=== Work instruction ===
Copy out exactly the lines spanning the line with "Мышь Lenovo 300" to the line with "1701 Hopeman Parkway Waynesboro VA 22980", inclusive, from the data underneath, with no pictures.

Start of Data provided

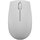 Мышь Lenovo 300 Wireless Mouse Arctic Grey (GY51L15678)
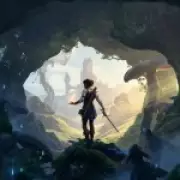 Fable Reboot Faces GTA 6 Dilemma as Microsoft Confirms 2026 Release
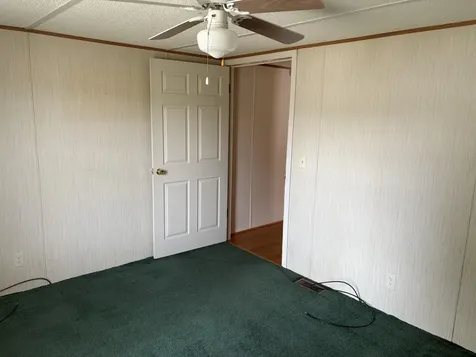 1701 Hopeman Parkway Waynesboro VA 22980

End of Data provided
Start of Data provided

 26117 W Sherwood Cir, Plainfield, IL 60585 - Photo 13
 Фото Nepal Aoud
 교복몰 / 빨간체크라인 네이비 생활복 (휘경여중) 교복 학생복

End of Data provided
Start of Data provided

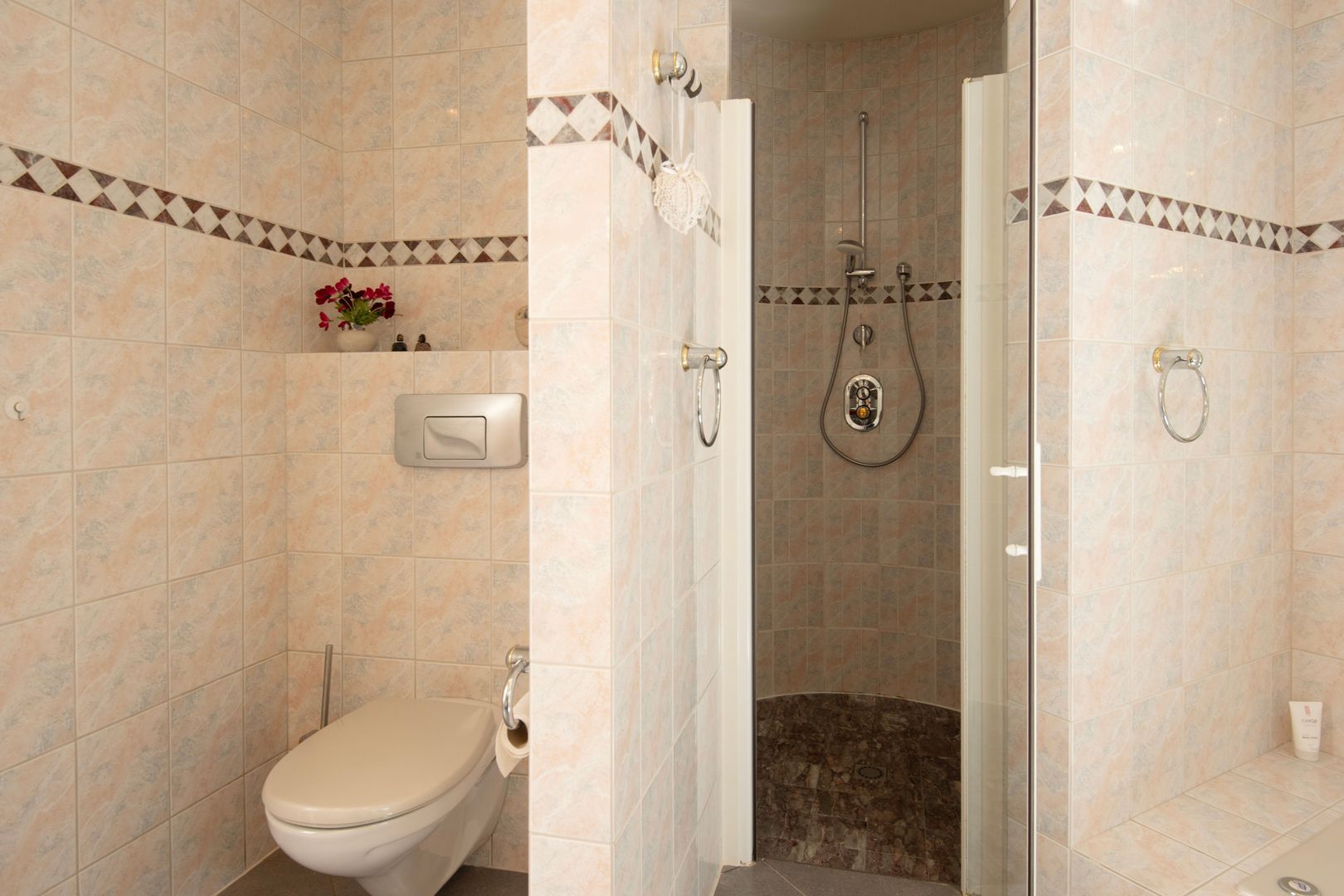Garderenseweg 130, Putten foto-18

End of Data provided

=== Solution to this problem ===
 Мышь Lenovo 300 Wireless Mouse Arctic Grey (GY51L15678)
 Fable Reboot Faces GTA 6 Dilemma as Microsoft Confirms 2026 Release
 1701 Hopeman Parkway Waynesboro VA 22980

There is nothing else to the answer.